When international cloud computing/big data corporation EMC was looking to centralize and optimize data from across its global network, it turned to the team at Harte Hanks to build a trusted, accurate source of accounts and contacts.
Creating this optimized database of information from hundreds of international locations was part of a larger effort to develop what the EMC team calls “business analytics as a service.”
“What we are doing is enabling the enterprise with an analytical view of the customer for predictive modeling and analytics. Think of it as a large data lake that the enterprise has access to,” says Todd Forsythe, vice president, global marketing EMC.
The business analytics as a service platform pulls in data from all aspects of the customer experience and EMC’s internal ERP system, so it’s a very robust data set. Each business unit taps into this data lake, and builds its own analytic workspace to support their line of business.
Through the process of building out marketing’s view of this customer data environment, EMC integrated all of its marketing CRM data across all online and physical touch points. The EMC marketing team had a full view of customer experience from initial touch all the way through the sales cycle and closed bookings.
“As we looked at applying analytics to the business we felt that making dramatic improvements in data quality was critical to our ability to scaling analytics.,” Forsythe says. “Understanding an organization’s behavioral characteristics is critical, but then we have to link those characteristics to individuals so we can take marketing action. With that in mind, we contacted Harte Hanks to help build that data-quality bridge to dramatically improve the structure of the organization, and also the linkage of the contact and cleansing the contact record so it’s actionable and trustworthy.”

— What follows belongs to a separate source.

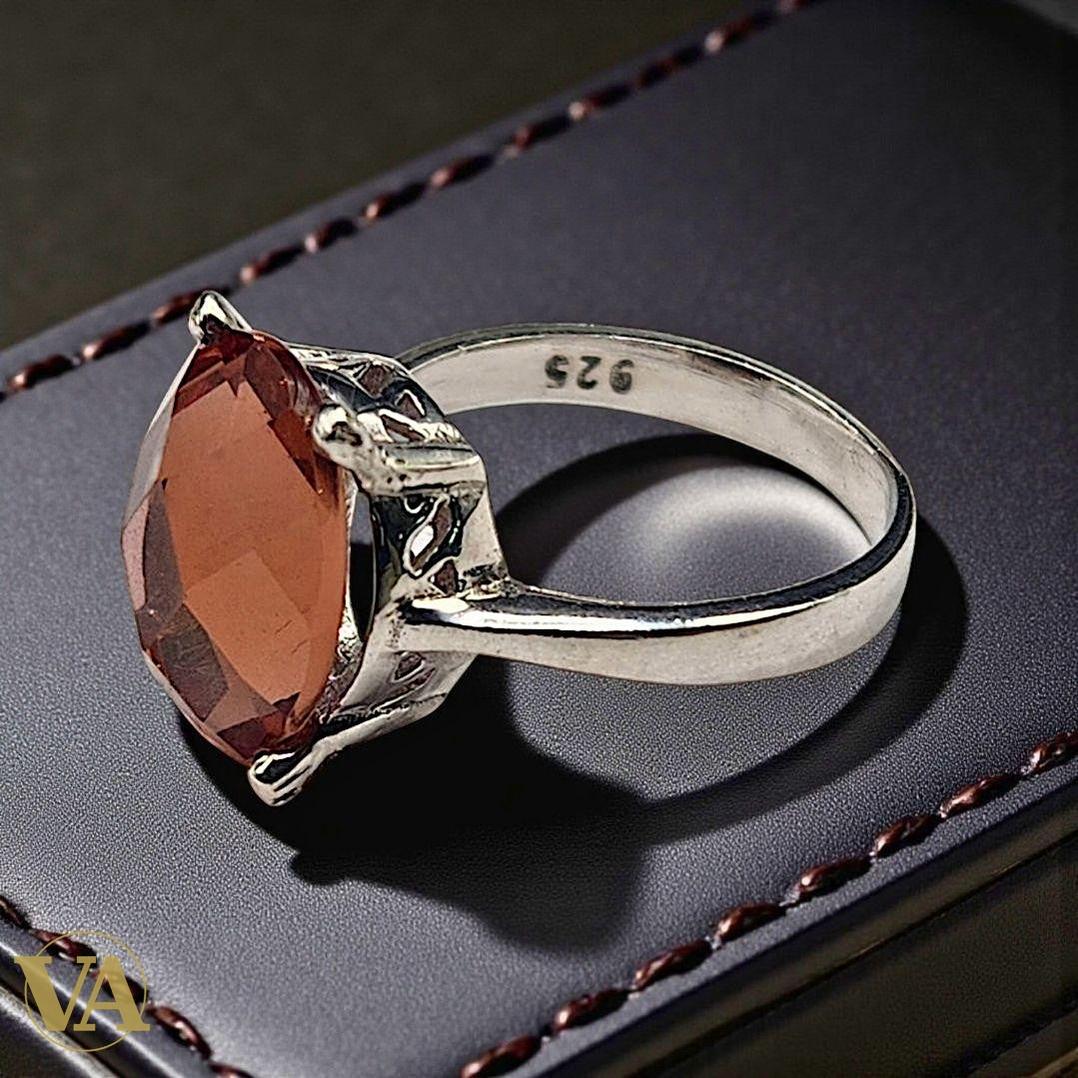 Bague femme en argent 925 avec pierre sultanite ovale – Élégance unique | Bijoux Vindicta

The end result is a system that allows EMS to view data from a global view, by country or by single customer—a master record that ties EMC sites together, as well as individual customers so they can be viewed individually or separately.
“EMC had a lot of systems, tools and people on staff to manage the data previously, but what was missing was tying all of those things together, creating standardized best practices and some methods and systems to really enable their global constituents,” says Brad Wamsley, managing director, Harte Hanks.

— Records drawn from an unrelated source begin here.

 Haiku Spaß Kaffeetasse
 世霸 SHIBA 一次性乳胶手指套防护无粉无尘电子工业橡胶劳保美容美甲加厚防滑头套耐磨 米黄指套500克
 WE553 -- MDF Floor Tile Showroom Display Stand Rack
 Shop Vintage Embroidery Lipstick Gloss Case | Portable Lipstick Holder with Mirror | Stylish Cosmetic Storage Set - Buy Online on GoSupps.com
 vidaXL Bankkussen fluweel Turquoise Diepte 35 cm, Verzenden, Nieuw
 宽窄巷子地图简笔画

There were some challenges along the way when creating such a large optimized data set, the first of which had to do with ownership of customer data quality. EMC first had to ask itself who was really accountable for owning data quality on a site by site basis.
“Our view is that the individuals that are closest to the customer and closest to the sales experience should take accountability for ownership of data quality. Our plan was to put the systems and processes in place to maintain and sustain data quality in an always-on mode, then transfer the responsibility of maintaining data quality down to the country level,” Forsythe says.
“EMC field personnel in a given country now have the ability to look at our customer data, understand where there are gaps or challenges in data and take action on it,” Forsythe adds. “And now with the help of Harte Hanks there’s a high degree of confidence when they take action on cleansing or updating data in a real-time way.”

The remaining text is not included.